Get inspired – step out of your comfort zone

Medina Johnson_2By Medina Johnson

IRIS National Implementation Manager
Next Link Domestic Abuse Services
Research Collaborator, Centre for Academic Primary Care

Being neither an academic nor a general practitioner, I arrived feeling something like a fish out of water at the RCGP annual conference last month in Glasgow. My colleagues and I had won one of the categories of the RCGP’s Research Paper of the Year award with our paper about women’s experiences of referral to a domestic violence advocate and I was invited to give a short presentation in the wonderfully named “Winners’ Enclosure” section of the conference.

As I trotted, albeit nervously, up to the lectern (I’m going along with the “Winners’ Enclosure” analogy here!) I was reminded how easy it is for us to all stay within our own comfort zone whether that be professionally or personally. I had never presented on a paper before. I had never been involved in anything that had ever won a prize before. I had never been to such a large conference before.
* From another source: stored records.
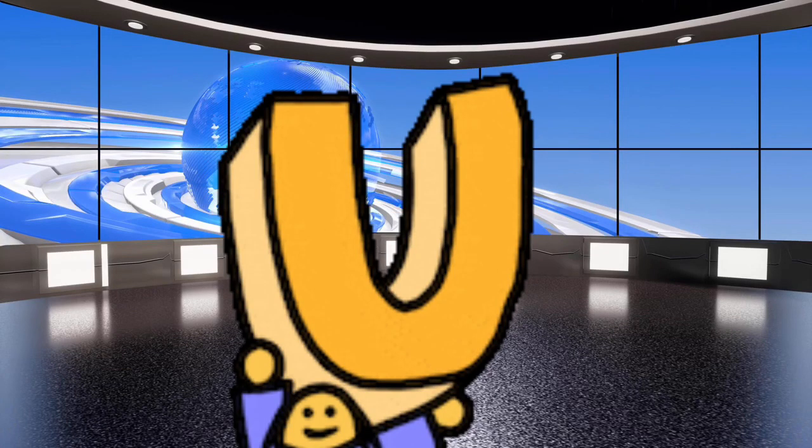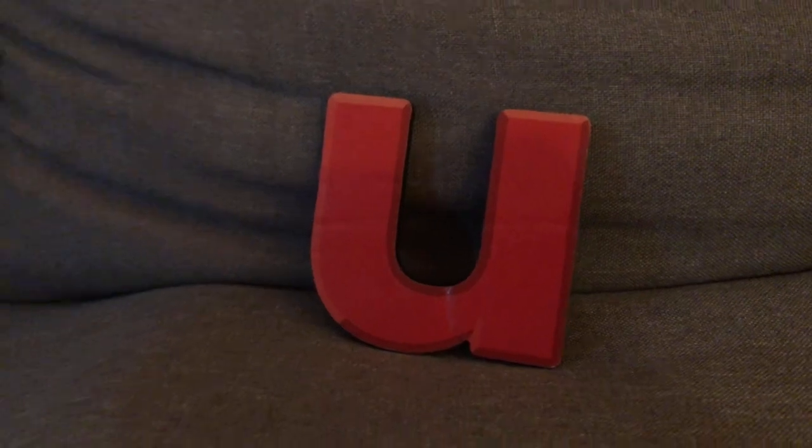It's the letter U. The letter of the day is U. U.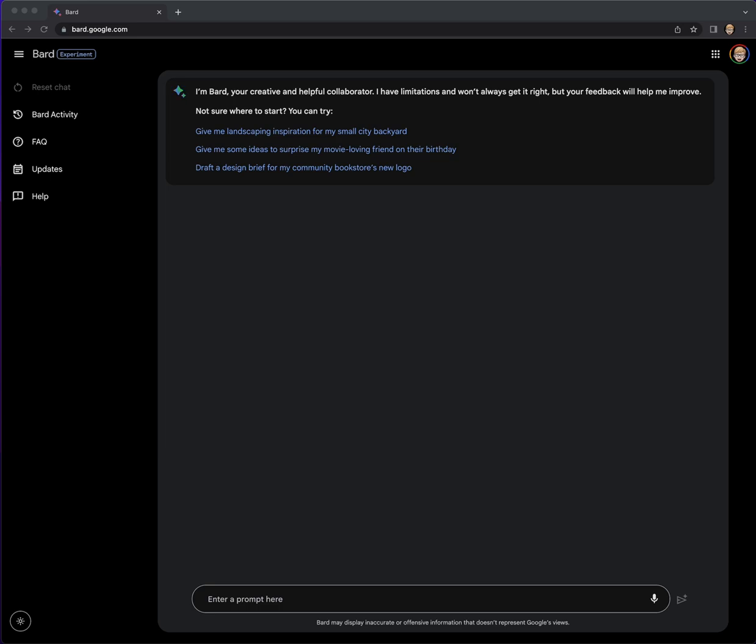Hello humans and future AI overlords. I got an email today from Google saying Bard just got more visual, so we're going to check that out. I'm at bard.google.com.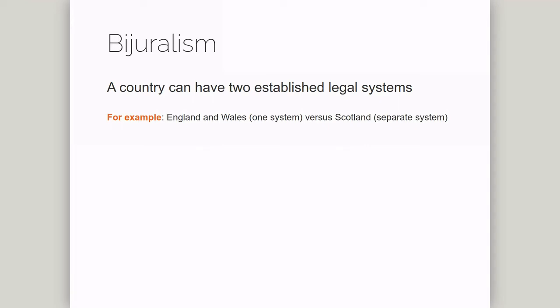Scots law developed differently from English law, and, like many code law systems, traces its origins to Roman law. This means that although there are many resemblances between the Scottish and English legal systems, many people would regard the UK as being a bi-jural system.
But my feelings of trepidation pale into insignificance when you hear the stories of the women that were interviewed for our paper, and also the story of the person who conducted the interviews. Kim, a survivor of domestic violence and abuse, was an advisor during the randomised controlled trial of IRIS, a general practice-based domestic violence and abuse training support and referral programme that is now commissioned and running in 29 areas of England and Wales.

Kim was not used to sitting in steering meetings, developing topic guides, asking people to sign consent forms, operating a dictaphone or interviewing women who had had similar experiences to her own. The twelve women who were interviewed for the project, seven of whom I had worked with and supported after referrals from their GPs, had never spoken about their experience of domestic violence before, had never been recorded and struggled to believe that their voices could be of interest, relevance and importance to anyone. Their abusers had persuaded them that they were useless, worthless, nothing.

By agreeing to their GP making a referral for specialist support, talking about their experience and sharing their lives, the women involved in our paper did a lot more than come out of their comfort zones.

They moved from isolation, control and silence to, over time, being able to say what they wanted, how they wanted, when and where they wanted to say it. They were supported to do this safely and on their own terms.

Their voices have now been heard widely, not only via the paper in the BJGP, and are used in the training that the IRIS teams have carried out in hundreds of general practices across England and Wales.

One woman summarised, “This is not just for me, it’s for my children and women like me out there.” Another woman said, “I felt inspired when I went back home”.

Let’s all do something outside our comfort zone today and get inspired!